I let my guard down in a moment of weakness on our trip to Austin last month. We had soldiered through the rain and across a highway to visit Big Red Sun garden center. I refused to leave empty-handed having put in such great effort to get there! As soon as I saw this pack of ‘Chocolate Cherry’ Sunflowers from Renee’s Garden I knew I had to grow them. I had been withholding from sunflowers for so long that I had completely missed out on all the rich, burgundy varieties available. Now that the door is open I’ve also got my eye on ‘Cinnamon Sun’ and ‘Junior.’
You can bet I will not be starting any of these in the street/guerilla garden. No ma’am, I am saving a nice sunny and safe spot on the roof for these babies and I MIGHT attempt to grow one in my plot at the community garden where their safety is less secure but much greater than their chances in the Garden of Doom.
Just when I thought today couldn’t get any worse and that I might waste the day away wallowing in a pity party for one, seeds arrive in the mail. It’s amazing how such a small thing can cheer me up so fully.
I’m very determined to experiment with melon varieties this year. I ordered three more varieties from Seed Savers but will probably have to narrow my choices down to 2 or 3 varieties in total for want of space. I tend to order seeds with the kind of ambition best reserved for a sprawling country farm.
A stack of lettuce seeds, the fruit of my first attempt ordering via the complicated Seeds of Diversity system arrived from Vicki’s Veggies a CSA located about an hour or two away in Prince Edward County. As soon as the ground thaws I plan to get outside and sow some ‘Drunken Woman’ lettuce. It’s encouraging to know that at least some of my seed money was not diverted towards a disgruntled postal worker luncheon. Who knows what else will make it to my mailbox this week. I put through a lot of last-ditch seed orders recently.
I took this photo last year, although I’m sure if I went there today it would look much the same. Spadina House is one of my favourite Toronto hidden gems. I like to go there on sunny summer afternoons to lay underneath the apple trees. It is always quiet and solitary. And the gardens are fun to explore too.
And the winner in the race to germination is… ‘Purple Calabash’ Tomato. Because I know some of you will ask, I will just go ahead and clarify that the drops of water on the leaves fell from condensation that had formed underneath the “greenhouse” lid and onto the leaves when I removed it and are not due to top watering or spraying.
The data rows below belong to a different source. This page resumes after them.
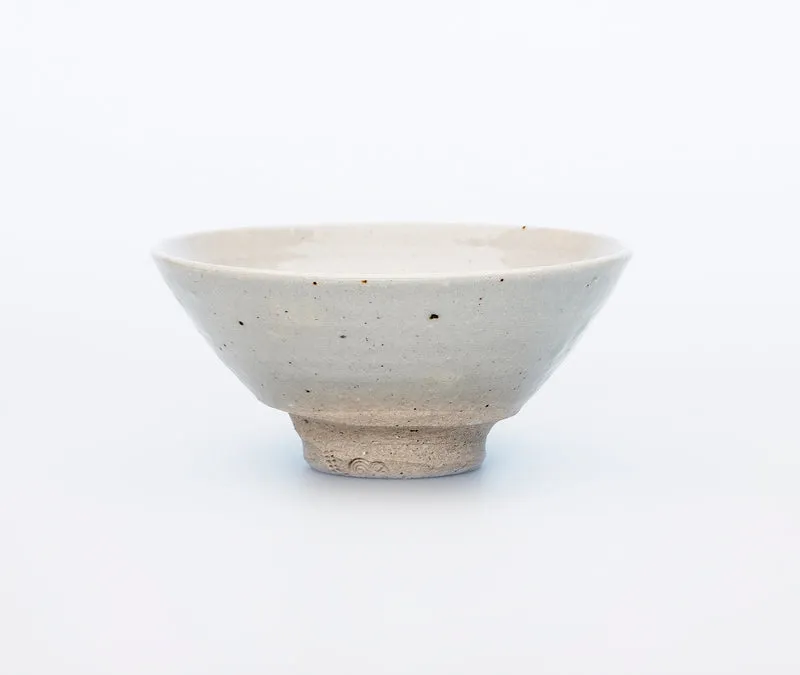 Iga Rice Bowl - Lime-glaze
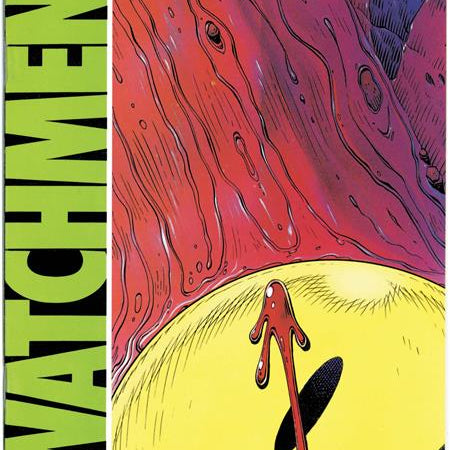 Watchmen #1 Facsimile Edition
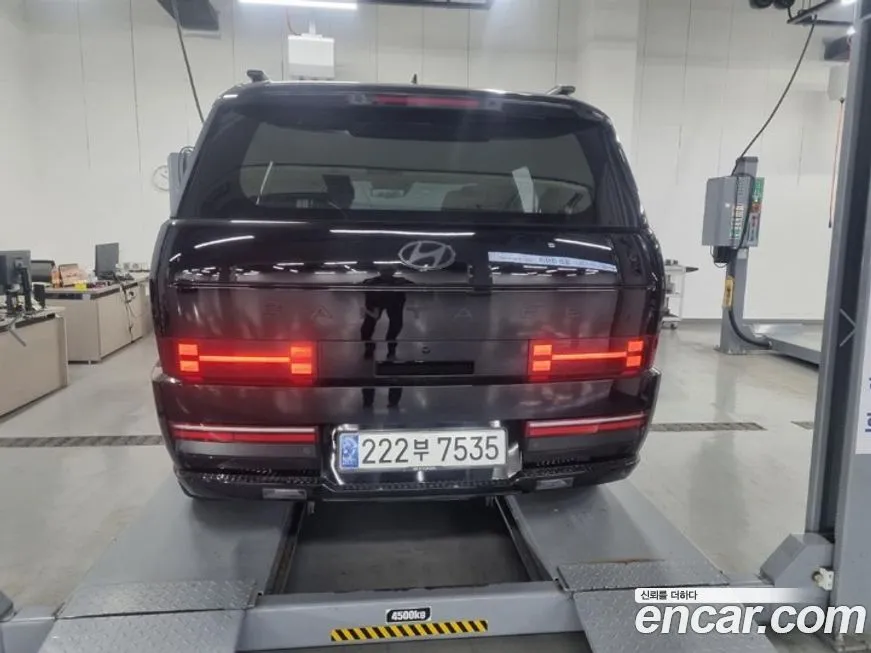 Hyundai Santafe — фото 2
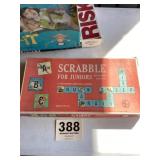 1964 scrapple for Junior game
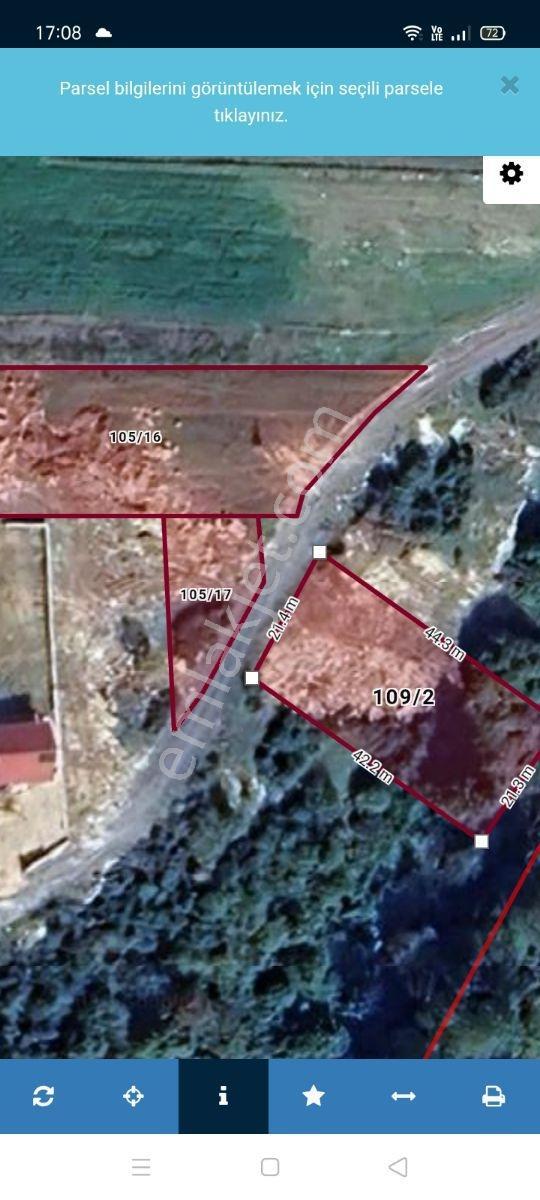 Körfez Kutluca Dere Kenarı, Yola Sıfır, Yatırımlık Arazi - Görsel 18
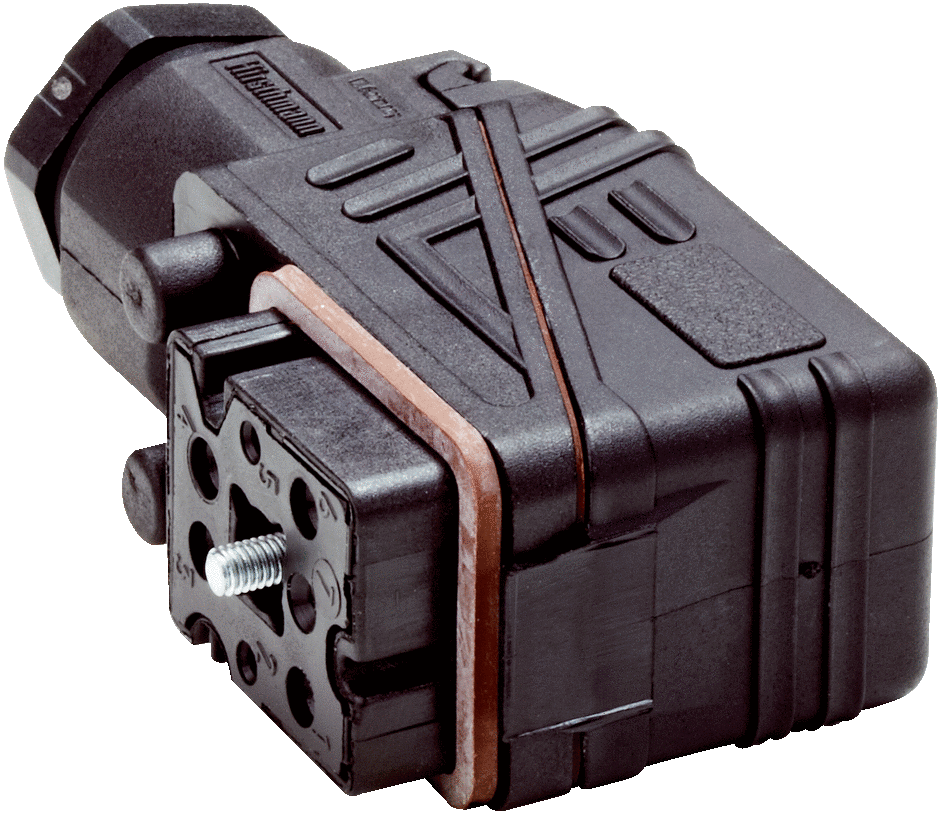 SICK DOS-2207-W (6006821) — CONNECTOR AND CABLE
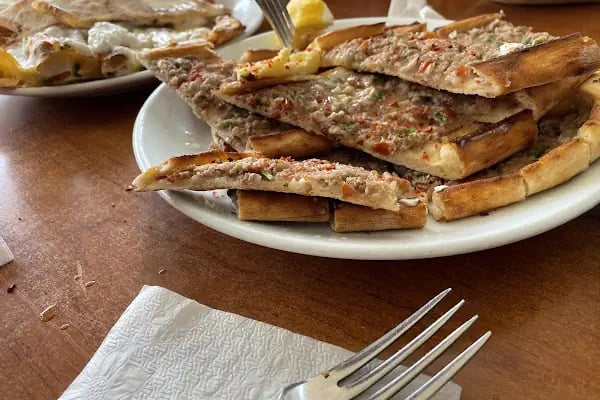 Gül Pide - Resim 3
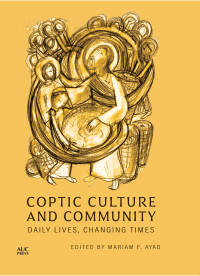 Imagen de portada: Coptic Culture and Community 9781649033291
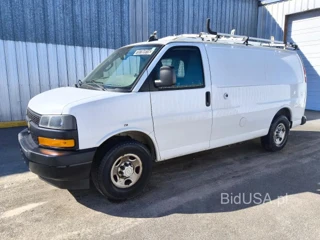 CHEVROLET EXPRESS G2500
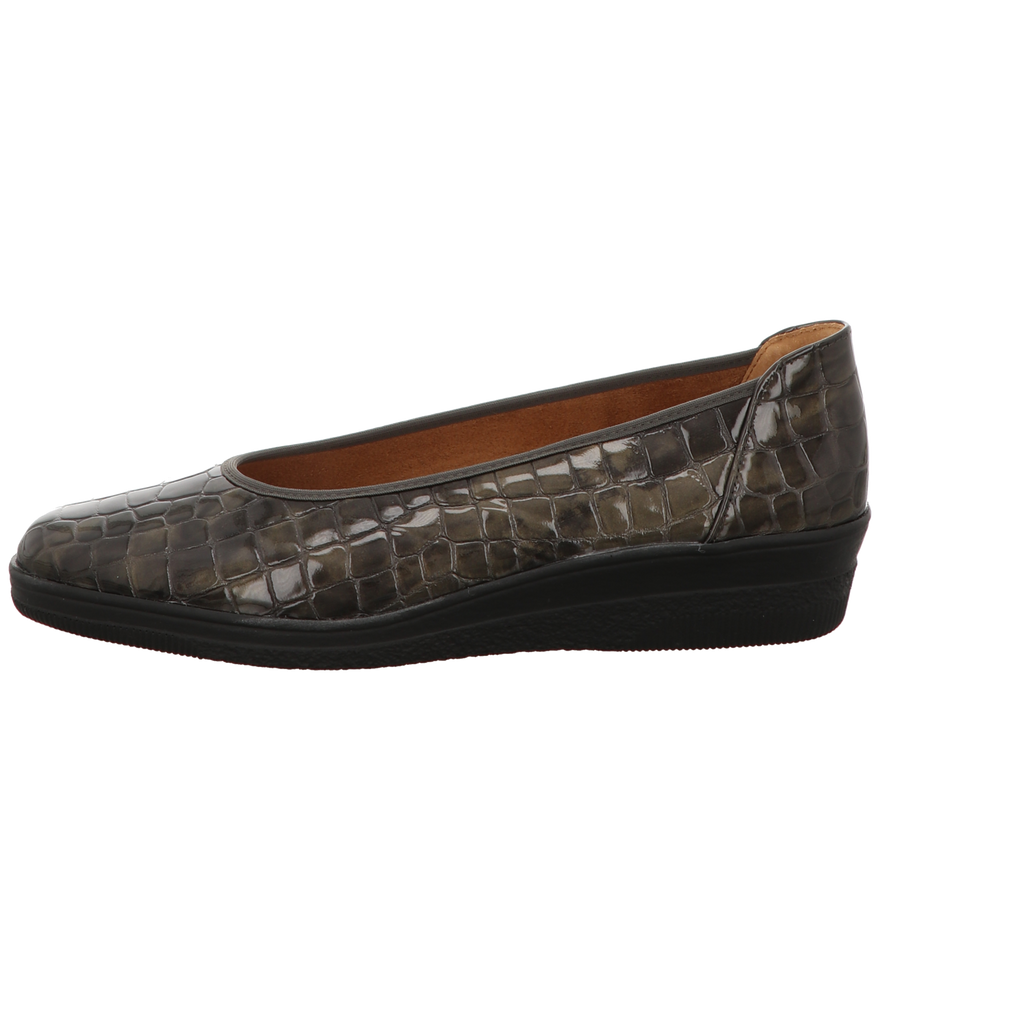 Gabor Damen Slipper Rhodos in braun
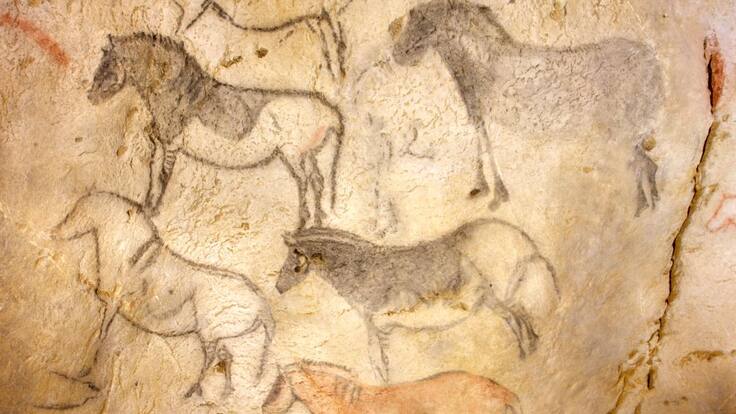 'A de arte de Ekain'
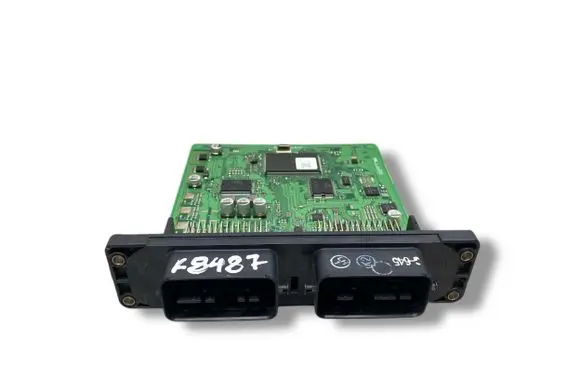 Mazda 2 Engine control unit/module 2797213730 0141402460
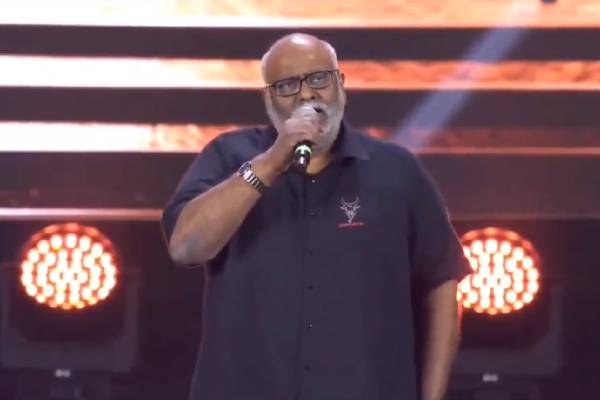 కీరవాణి.. భలే పోకిరి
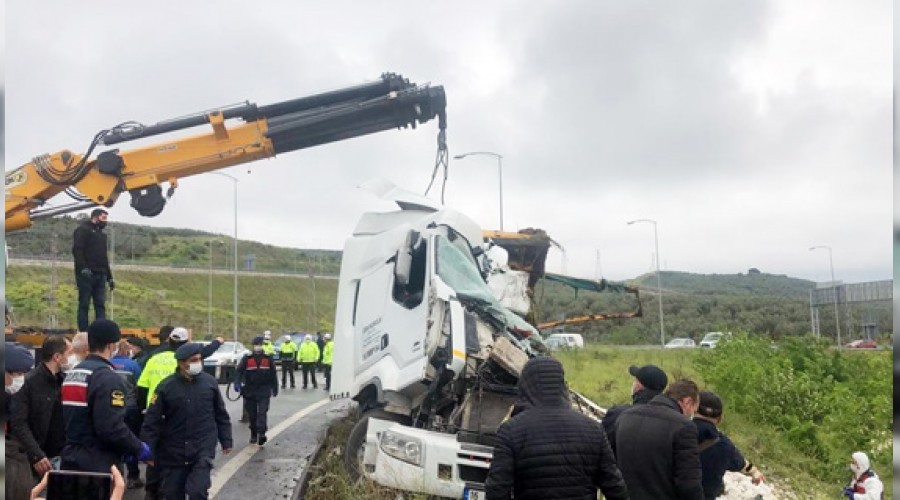 Trafik canavarn virs de durduramad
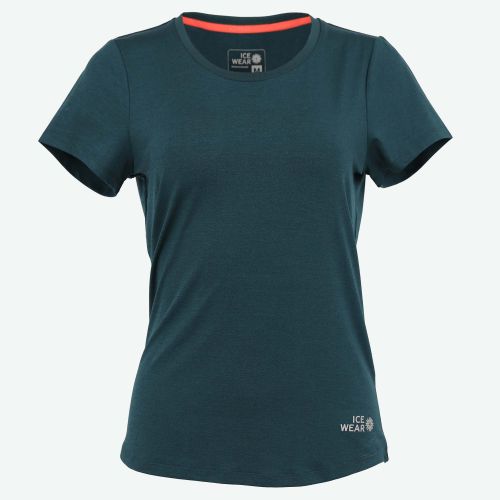 Luranee Women's Short Sleeve Moisture Wicking Athletic Shirts Quarter Zip  Pullover : : Clothing, Shoes & Accessories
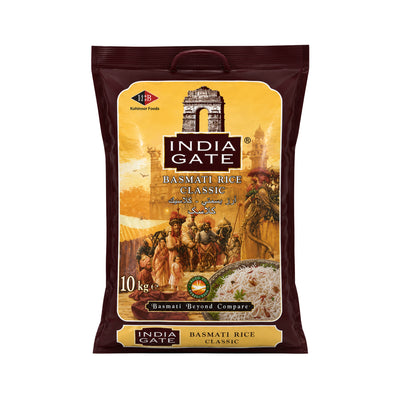 India Gate Exotic Basmati 10kg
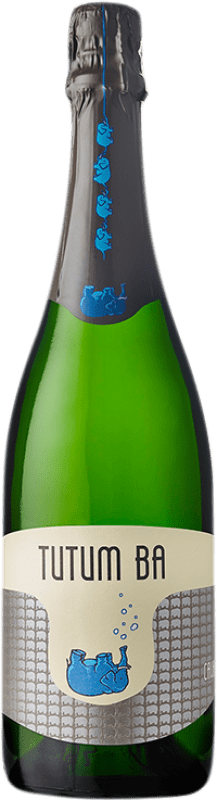 13,95 € | Blanc mousseux Terra de Falanis Tutum Ba Brut D.O. Cava Catalogne Espagne Macabeo, Xarel·lo, Parellada 75 cl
Some of you have asked about mold and fungal problems when seed starting. Both top watering and spraying can cause these sorts of problems and should be avoided most especially when the seedlings are young and vulnerable. Watering seedlings from below by pouring into a tray or saucer rather than onto the soil gives you more control over both the quantity and distribution of water to the plant.
Captioning this photo required a long mental pause to determine how long it had been since my trip to Austin. It feels like months have passed when in fact this photo was taken exactly 16 days ago. I asked Davin to take a picture as a memento of my last interaction with a mature tomato plant until July. Although I am impatient, it is encouraging to know that in three to four months the little seedling above will look something like the plants in this picture.